Thread

  1. Re: Speed up COPY FROM text/CSV parsing using SIMD

    Nazir Bilal Yavuz <byavuz81@gmail.com> — 2025-12-09T13:40:19Z

    Hi,
    
    On Sat, 6 Dec 2025 at 10:55, Bilal Yavuz <byavuz81@gmail.com> wrote:
    >
    > Hi,
    >
    > On Sat, 6 Dec 2025 at 04:40, Manni Wood <manni.wood@enterprisedb.com> wrote:
    > > Hello, all.
    > >
    > > Andrew, I tried your suggestion of just reading the first chunk of the copy file to determine if SIMD is worth using. Attached are v4 versions of the patches showing a first attempt at doing that.
    >
    > Thank you for doing this!
    >
    > > I attached test.sh.txt to show how I've been testing, with 5 million lines of the various copy file variations introduced by Ayub Kazar.
    > >
    > > The text copy with no special chars is 30% faster. The CSV copy with no special chars is 48% faster. The text with 1/3rd escapes is 3% slower. The CSV with 1/3rd quotes is 0.27% slower.
    > >
    > > This set of patches follows the simplest suggestion of just testing the first N lines (actually first N bytes) of the file and then deciding whether or not to enable SIMD. This set of patches does not follow Andrew's later suggestion of maybe checking again every million lines or so.
    >
    > My input-generation script is not ready to share yet, but the inputs
    > follow this format: text_${n}.input, where n represents the number of
    > normal characters before the delimiter.

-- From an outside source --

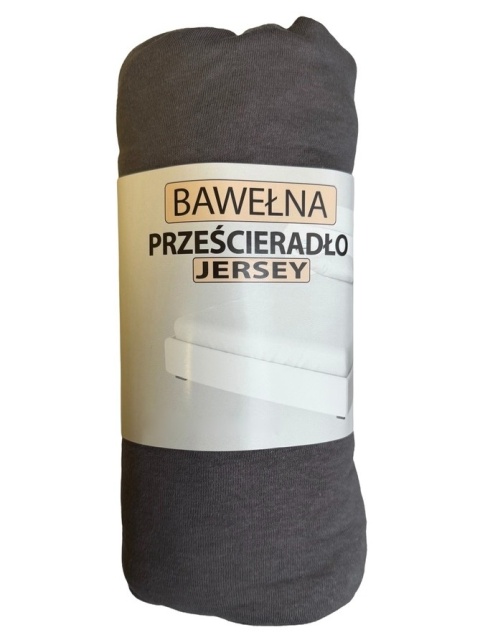 Przescieradło z gumką Jersey 220x200 , grafit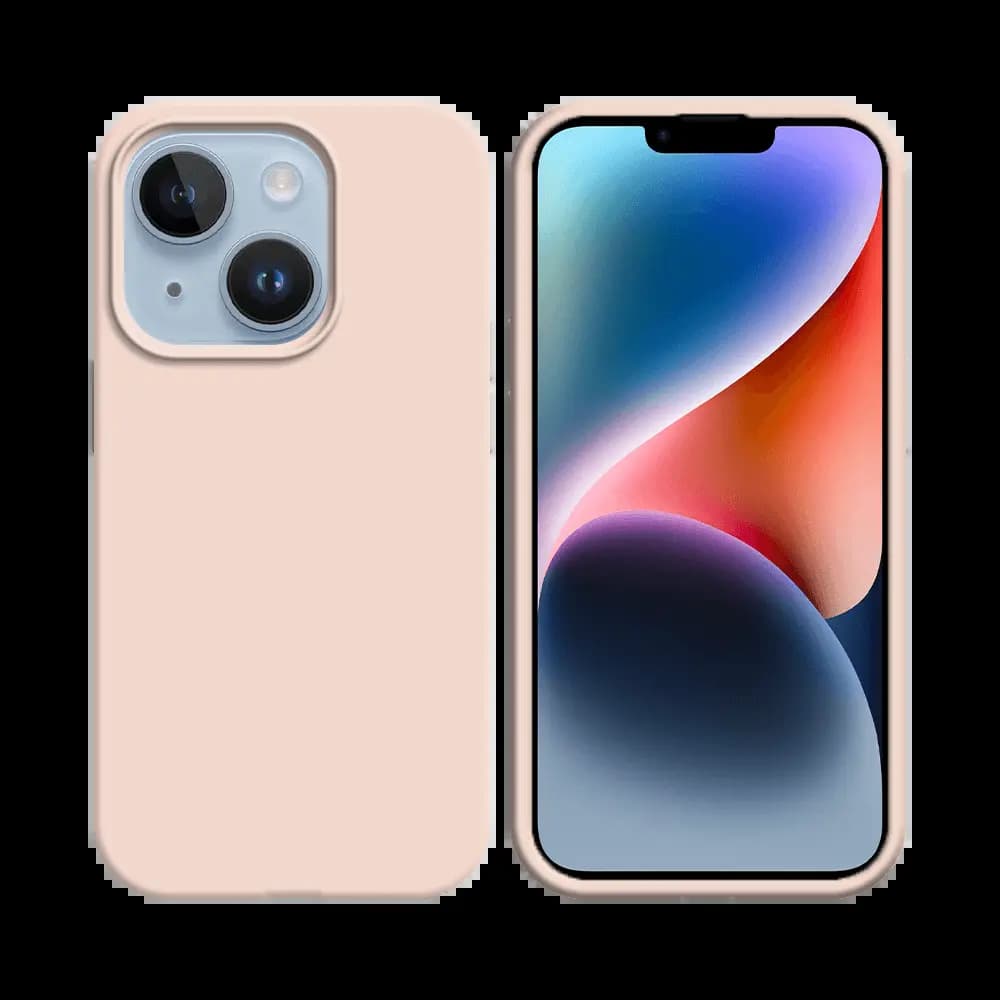 Coque silicone iPhone 14 - Rose Gold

For example:
    >
    > n = 0 -> "\n\n\n\n\n..." (no normal characters)
    > n = 1 -> "a\n..." (1 normal character before the delimiter)
    > ...
    > n = 5 -> "aaaaa\n..."
    > … continuing up to n = 32.
    >
    > Each line has 4096 chars and there are a total of 100000 lines in each
    > input file.
    >
    > I only benchmarked the text format. I compared the latest heuristic I
    > shared [1] with the current method. The benchmarks show roughly a ~16%
    > regression at the worst case (n = 2), with regressions up to n = 5.
    > For the remaining values, performance was similar.
    
    I tried to improve the v4 patchset. My changes are:
    
    1 - I changed CopyReadLineText() to an inline function and sent the
    use_simd variable as an argument to get help from inlining.
    
    2 - A main for loop in the CopyReadLineText() function is called many
    times, so I moved the use_simd check to the CopyReadLine() function.
    
    3 - Instead of 'bytes_processed', I used 'chars_processed' because
    cstate->bytes_processed is increased before we process them and this
    can cause wrong results.
    
    4 - Because of #2 and #3, instead of having
    'SPECIAL_CHAR_SIMD_THRESHOLD', I used the ratio of 'chars_processed /
    special_chars_encountered' to determine whether we want to use SIMD.
    
    5 - cstate->special_chars_encountered is incremented wrongly for the
    CSV case. It is not incremented for the quote and escape delimiters. I
    moved all increments of cstate->special_chars_encountered to the
    central place and tried to optimize it but it still causes a
    regression as it creates one more branching.
    
    With these changes, I am able to decrease the regression to %10 from
    %16. Regression decreases to %7 if I modify #5 for the only text input
    but I did not do that.
    
    My changes are in the 0003.
    
    -- 
    Regards,
    Nazir Bilal Yavuz
    Microsoft